Certains territoires montrent des signes crédibles de progrès. Wildlife Conservation Action (WCA) signale une baisse de 98 % des incidents de conflit à Mbire, tandis que Chewore Conservation Trust (CCT), Awe for Nature Foundation et Zimbabwe Parks and Wildlife Management Authority (ZimParks) installent une clôture de 22 kilomètres, résistante aux éléphants et aux prédateurs, autour de Masoka, dans la vallée du Zambèze. Ces résultats sont locaux et ne prouvent pas que le problème national soit résolu.
Pourquoi le conflit entre populations et faune sauvage est important au Zimbabwe
Le Zimbabwe abrite de vastes territoires naturels reliés, à proximité de zones agricoles communautaires, de villages, d'écoles et de routes. La Kavango–Zambezi Transfrontier Conservation Area (KAZA TFCA) en est l'un des exemples les plus évidents : les populations ont besoin de terres pour l'agriculture, le pâturage, le logement et l'eau, tandis que la faune doit pouvoir accéder de façon saisonnière à ses habitats et à ses voies de déplacement.
Le conflit ne concerne pas une seule espèce. Les éléphants ravagent les cultures, endommagent les jardins et peuvent blesser ou tuer des personnes. Les lions et les hyènes tachetées peuvent s'en prendre aux bovins, aux chèvres et à d'autres animaux d'élevage. La faune qui traverse des habitats fragmentés peut également rencontrer des routes et d'autres infrastructures. À Victoria Falls, Victoria Falls Wildlife Trust travaille au suivi et à la capture des éléphants à problèmes dans les zones urbaines, parallèlement à des actions plus larges en faveur des communautés et de la santé de la faune.

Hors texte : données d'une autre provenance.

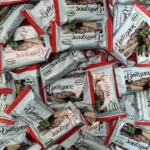 خرید و قیمت شکلات ویفر فله ای آکوند با مغز بادام زمینی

Les coûts sont inégalement répartis. Un foyer qui perd du bétail peut perdre une réserve de richesse essentielle, tandis que les dégâts aux cultures peuvent menacer directement la sécurité alimentaire. Global Environment Facility a constaté que les communautés vivant près des aires protégées ne bénéficient pas toujours suffisamment des retombées financières de la faune, ce qui accroît le risque d'abattage en représailles lorsqu'un conflit survient. C'est pourquoi la coexistence ne se résume pas à protéger les animaux à l'intérieur des parcs ; elle exige aussi une protection concrète, une intervention rapide et une répartition plus équitable des bénéfices locaux.
L'histoire de la conservation compte également. Lorsque les décisions concernant la faune sont prises sans véritable participation des communautés, les habitants peuvent considérer les animaux comme une source de danger ou de pertes plutôt que comme un patrimoine économique et écologique partagé. Les approches actuelles associent donc de plus en plus les actions de ZimParks à des écogardes communautaires, à l'éducation, à la protection du bétail, à l'accès à l'eau et à l'implication des populations dans la conception des projets.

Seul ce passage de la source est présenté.